Infinite Darlene continues. “I know that wench”—that would be Trilby Pope—”will be there. I know there was no way for you to stop her from signing up. So it's not like I hold you responsible. But please make sure she keeps her talking to a minimum. It gives me such a migraine.”
“I'll be fair,” I tell Infinite Darlene.
She sighs. “That's what I'm afraid of. Believe me, it does neither of us any favors.”
With that, she swings and sashays away.
I don't see her again until sixth period, in the small room the library reserves for meetings like this. I am not at all prepared, but I'm ready to fake it.
There are ten people on the committee. The first I see are two best friends who join everything together; since their names are Amy and Emily, we call them the Indigo Girls, even though they're straight. Then there's Trilby Pope and Infinite Darlene, sitting at opposite ends of the room—Infinite Darlene is glaring at Trilby, and Trilby is simply gazing at the floor in response. I'm sure this drives Infinite Darlene crazy—she likes nothing better than a glaring match.
Kyle is in the back of the room looking a little lost. He's not on my list, and I have a sneaking suspicion he joined up late.
Then there are the Club Kids. From the start of kindergarten, they have been slaves to their college applications. They join any club available, perform every volunteer hour they can, and stab each other in the backs with sharpened No. 2 pencils in order to be valedictorian. (Ironically, the kid who's going to end up being our valedictorian, Dixie LaRue, is a total party girl who refuses to let the Club Kid pressure get to her.) Since the Club Kids tend to spread themselves thinner than Saran Wrap—with the personality to match—I know they'll probably show up for one or two committee meetings at most, put it on their resume, and then move on to the Future Arms Merchants of America Club, or whatever.
The problem is, they always want to speak up before they leave. They feel that doing so many things qualifies them as experts in everything.
This is very rarely the case.
“I think we should have a seventies themel” Club Kid A calls out as soon as I gather the group.
“Having a seventies theme is so nineties,” I tell her. “Any other suggestions?”
“How about ‘The Future?” Club Kid B chimes in.
“Or ‘The Diversity of Life?” Club Kid C adds.
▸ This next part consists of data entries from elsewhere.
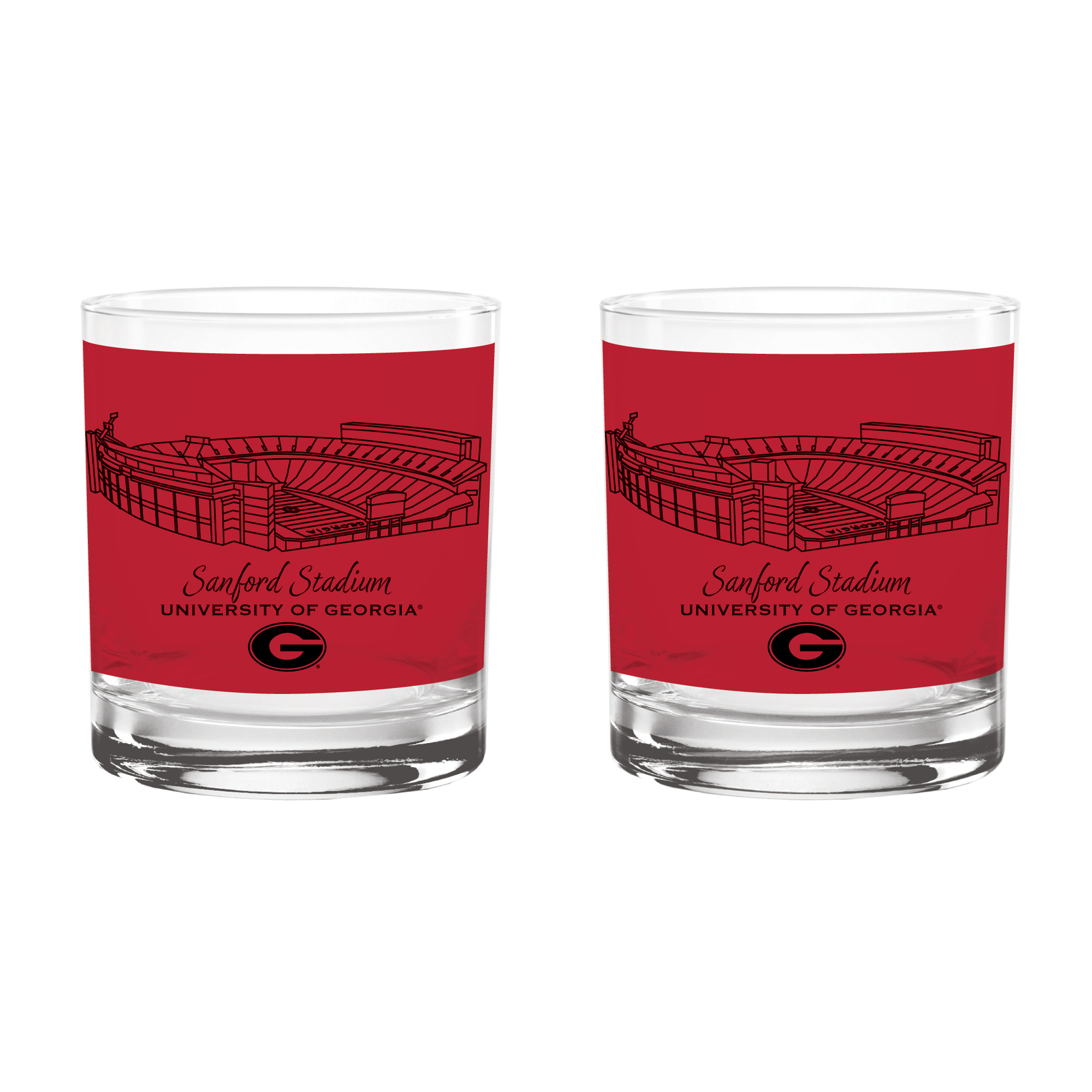 Indigo Falls  Georgia Bulldogs Core Stadium Rocks Glass 2-Pack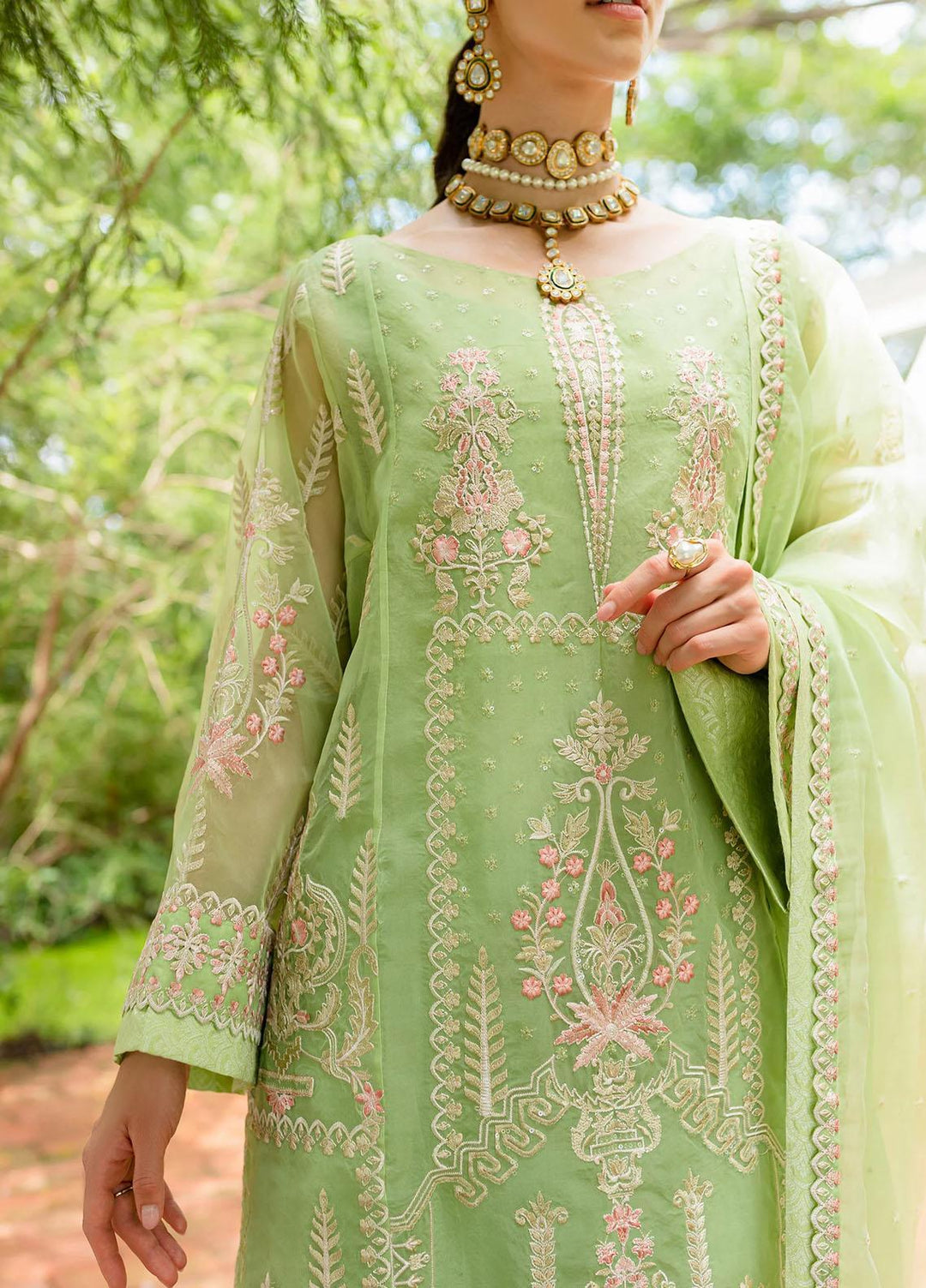 Sorina By Maryum N Maria Embroidered Organza Suits Unstitched 3 Piece MNM23SO MW23-506 Lilly Green - Formal Collection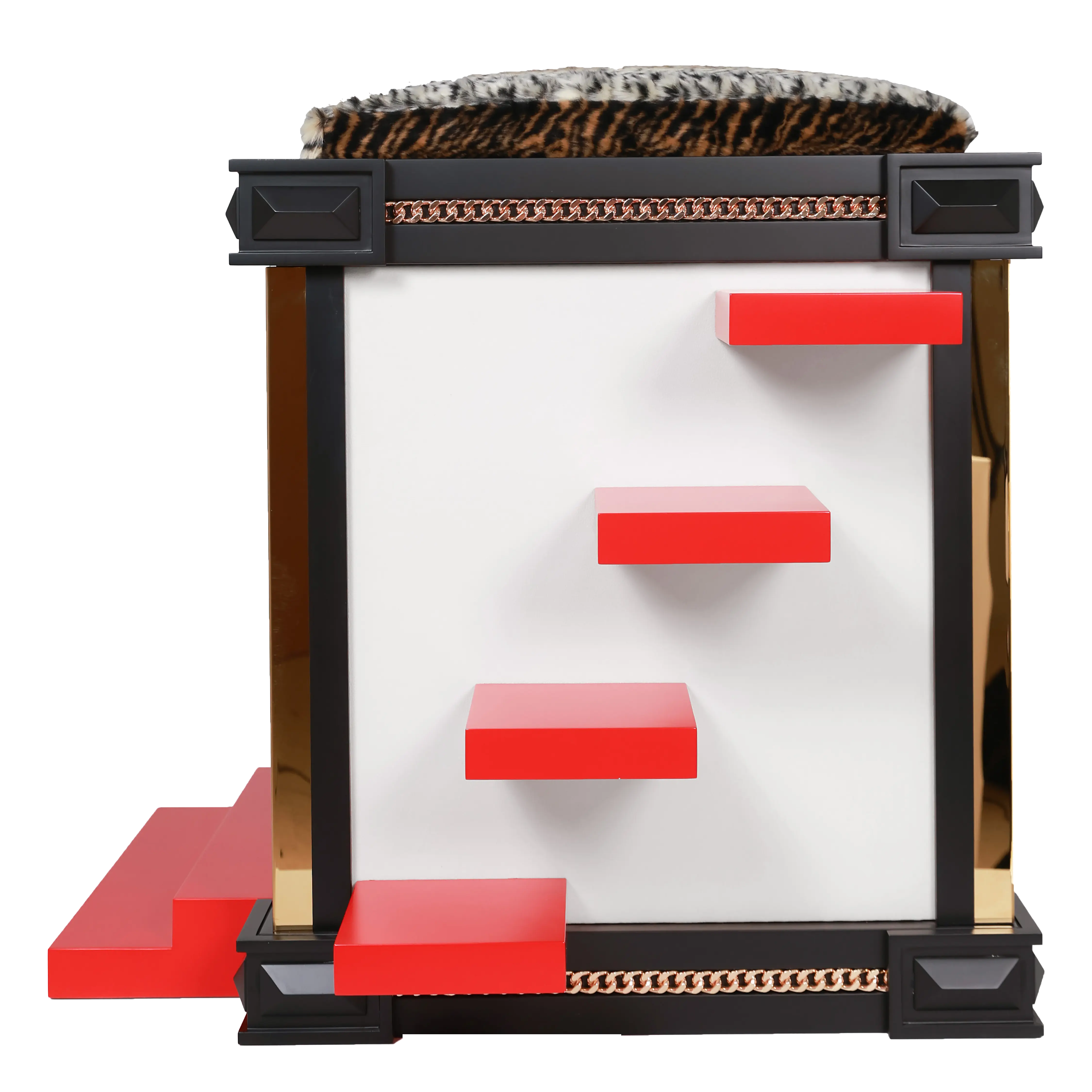 Side view of the Posh Medium showing elegant floating stairs and super glam profile.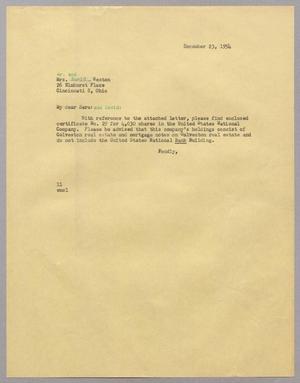 [Letter from I. H. Kempner to Mr. and Mrs. David F. Weston, December 23, 1954]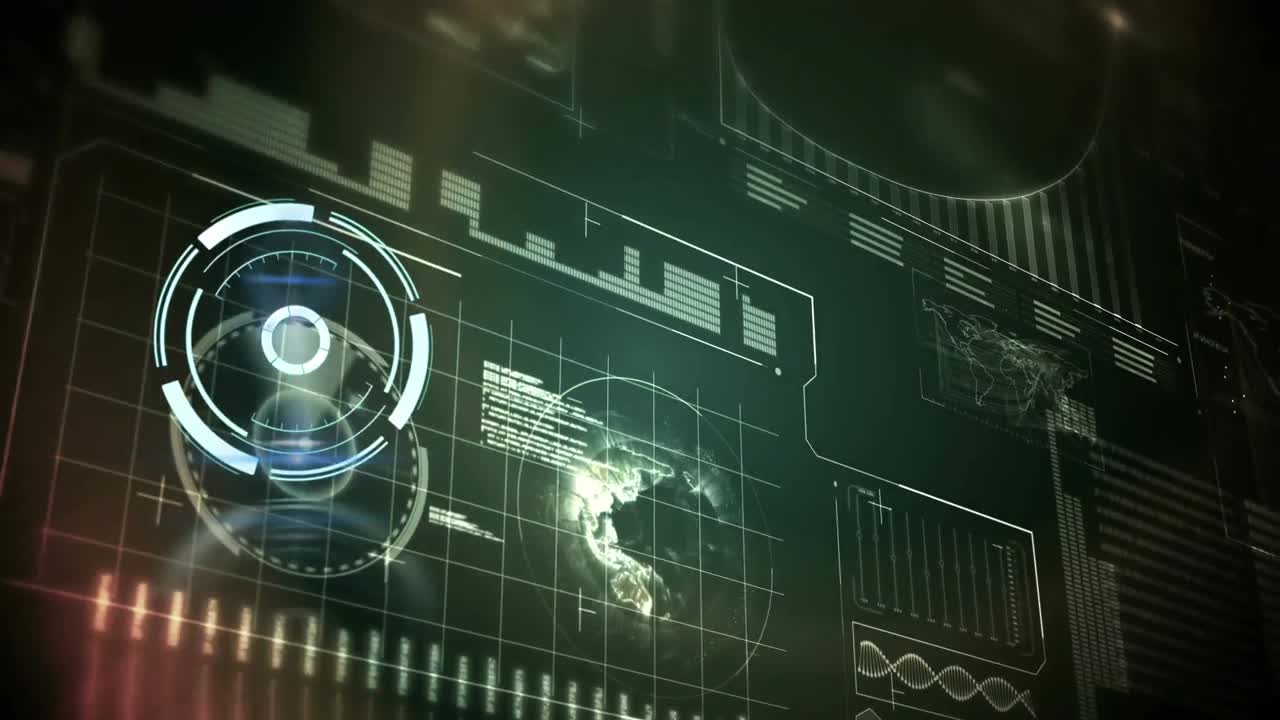 animación del escaneo del alcance y el procesamiento de datos sobre fondo negro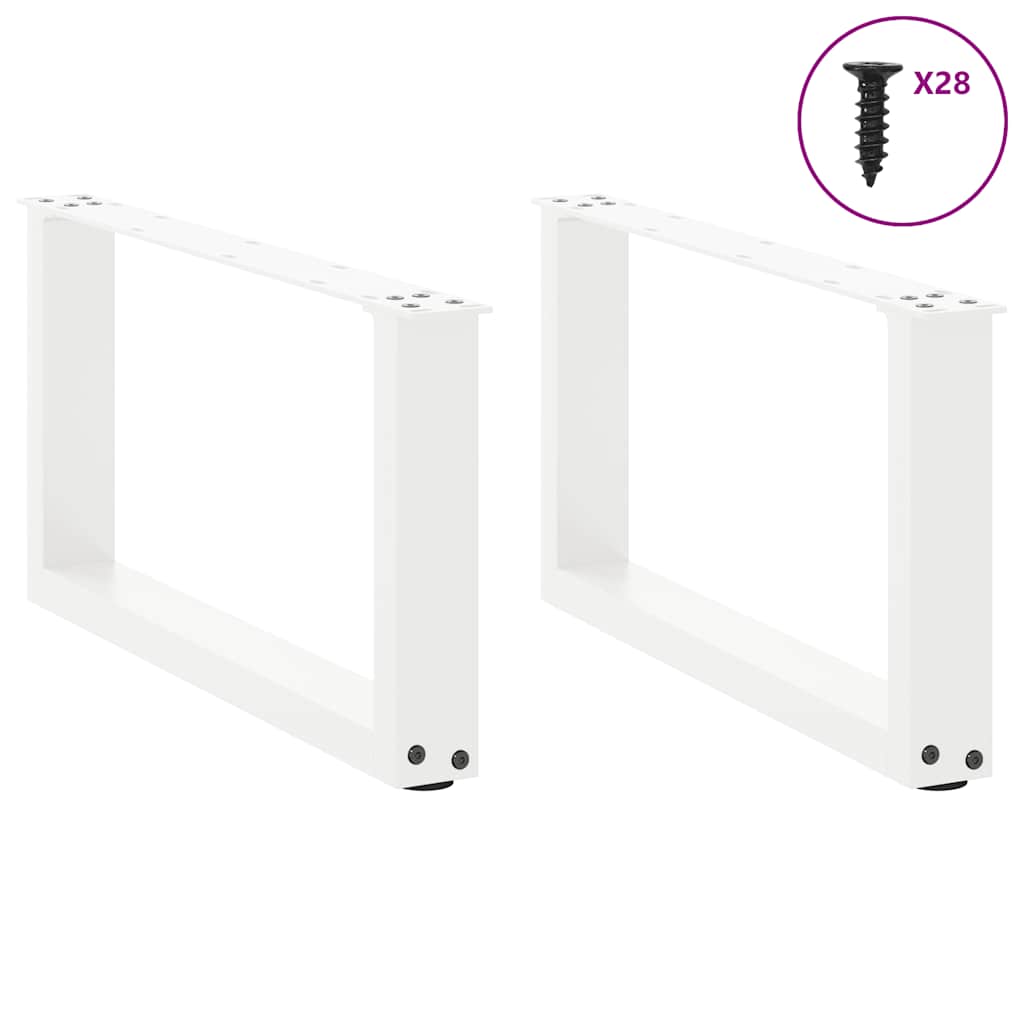 Pés para mesa de centro em formato de u, 2 peças, branco, 70x(30-31) cm, aço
“How about we just go for ‘Vagueness’ as a theme, huh?” I interject. “This is a dance, folks—not a science fair.”
Club Kid D, who'd been raising his hand, puts it down now. No doubt, he thought he was at the committee meeting for the science fair.
“How about The Wizard of Oz?” Club Kid E meekly proposes. I can tell from the glint in her eye that she's at least an acquaintance of Dorothy.
It's not a bad idea. But like many Club Kid ideas, it's not particularly grounded in originality. Last year's Dowager's Dance theme was The Sound of Music. And as much as I'd love to lay a yellow brick road down in the middle of the gymnasium and force the chaper-ones to dress like flying bellhop monkeys, I'm afraid it will only pale in comparison to last year, when most of the kids showed up in outfits made from their parents’ old curtains.